An Empathic Civilisation
- from homo sapiens to homo empathicus -
"The journey of a thousand miles begins with one step." - Lao Tzu
"EMPATHY is the art of stepping imaginatively into the shoes of another person, understanding their feelings
and perspectives, and using that understanding to guide your actions."
~ Roman Krznaric, Empathy: Why It Matters, & How to Get It
PLANETARY HUMAN promotes both awareness and practice of the human capacity for empathy. In these times of immense turning, empathy is an essential element that needs to be called forth from each individual's intrinsic nature. The most accurate understanding now emerging through the sciences is that empathy is a built-in feature of the human nervous system. Empathy is natural for human beings, and especially in these times of chaos and planetary transition, absolutely necessary. Individuals and groups of individuals thrive on empathy.
Social psychologist Daniel Batson, formerly of the University of Kansas, conducted some 25 studies in the area of empathy and altruism, as described in Lynne McTaggart's paradigm-shifting book, The Bond: The Power of Connection. Batson's research illuminated important distinctions in our understanding of just what empathy is and how it motivates us toward much needed altruistic responses.
Using fMRI to monitor the brain activity of subjects as they watched footage of people in excruciatingly painful circumstances, it became clear that if his subjects imagined themselves in that same horrible situation they experienced stressful reactions.
However, when they imagined empathically what it would feel like to be the other person in that painful situation, they experienced diminished stress reactions and were prompted from within to respond in altruistic ways.
Growing evidence from the neuroscience community confirms that human beings are wired for empathy. We now know about a specific type of mirror neurons in the brain that make up a significant part of an inbuilt system that inclines human beings more toward cooperation and compassion rather than the outdated and inaccurate belief in "survival of the fittest". The present day scientific disciplines of biology, psychology, social psychology and neuroscience have ever-expanding bodies of evidence that symbiosis, cooperation and altruism together form the deeper and abiding rule about how human beings are set up to function.

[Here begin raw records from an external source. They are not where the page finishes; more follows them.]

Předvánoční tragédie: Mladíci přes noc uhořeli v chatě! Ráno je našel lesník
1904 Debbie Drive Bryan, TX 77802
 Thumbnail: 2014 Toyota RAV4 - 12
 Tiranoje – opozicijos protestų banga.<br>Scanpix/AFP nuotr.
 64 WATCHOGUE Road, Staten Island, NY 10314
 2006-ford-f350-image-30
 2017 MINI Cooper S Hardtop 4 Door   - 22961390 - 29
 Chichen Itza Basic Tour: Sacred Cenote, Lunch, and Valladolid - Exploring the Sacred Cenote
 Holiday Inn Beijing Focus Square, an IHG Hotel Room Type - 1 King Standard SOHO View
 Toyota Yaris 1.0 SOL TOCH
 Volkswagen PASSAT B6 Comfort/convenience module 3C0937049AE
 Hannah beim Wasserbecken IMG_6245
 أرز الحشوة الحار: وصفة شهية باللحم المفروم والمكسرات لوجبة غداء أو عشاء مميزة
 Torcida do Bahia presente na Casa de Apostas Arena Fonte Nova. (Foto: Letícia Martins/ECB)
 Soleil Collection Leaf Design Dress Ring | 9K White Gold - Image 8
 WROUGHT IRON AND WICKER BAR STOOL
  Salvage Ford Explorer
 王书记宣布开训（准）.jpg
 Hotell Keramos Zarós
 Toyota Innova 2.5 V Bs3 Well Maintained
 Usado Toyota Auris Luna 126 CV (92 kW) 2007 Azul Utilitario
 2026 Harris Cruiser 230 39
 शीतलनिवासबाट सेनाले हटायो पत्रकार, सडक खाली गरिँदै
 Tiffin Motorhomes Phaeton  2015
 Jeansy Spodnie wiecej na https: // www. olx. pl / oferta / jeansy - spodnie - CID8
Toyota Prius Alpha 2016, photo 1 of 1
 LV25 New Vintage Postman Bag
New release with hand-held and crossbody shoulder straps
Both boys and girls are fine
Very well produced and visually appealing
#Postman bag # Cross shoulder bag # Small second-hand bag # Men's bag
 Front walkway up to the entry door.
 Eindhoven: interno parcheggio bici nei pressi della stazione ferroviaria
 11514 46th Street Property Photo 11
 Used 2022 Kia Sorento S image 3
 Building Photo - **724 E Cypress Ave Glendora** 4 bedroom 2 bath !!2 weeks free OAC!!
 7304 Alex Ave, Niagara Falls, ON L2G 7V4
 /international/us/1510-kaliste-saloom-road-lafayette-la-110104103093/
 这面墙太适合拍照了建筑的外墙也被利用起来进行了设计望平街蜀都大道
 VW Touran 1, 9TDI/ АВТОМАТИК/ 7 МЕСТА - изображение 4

VIEDO: RSA Animate- The empathic civilisation
PLANETARY HUMAN teaches practical methods to rediscover one's innate capacity for 'feeling with the other.' By developing this capacity we further restore our inclination for responding altruistically to the challenges and plights of our fellow human beings.
Video: The Emotional World of Farm Animals
PLANETARY HUMAN suggests that empathy also extend to the non-human community comprising all the living beings that make up the planetary biosphere, including farm animals.
Empathy brings out the best in humanity. It powerfully and positively changes the lives of individuals, and enhances the dynamics within all kinds of groups to create and engender lasting, life-affirming transformations. Life within collectives of human beings works better with empathy.
A Process to feel empathy
Empathy is activated through one's conscious intention and imagination. It is a direct and simple imaginative process initiated easily enough through the use of a hypothetical question structured in a very specific format known as 'the implied directive'.
Here are the steps:
1. Become more deeply aware of the situation that the other is encountering; be it stressful, painful, or just different.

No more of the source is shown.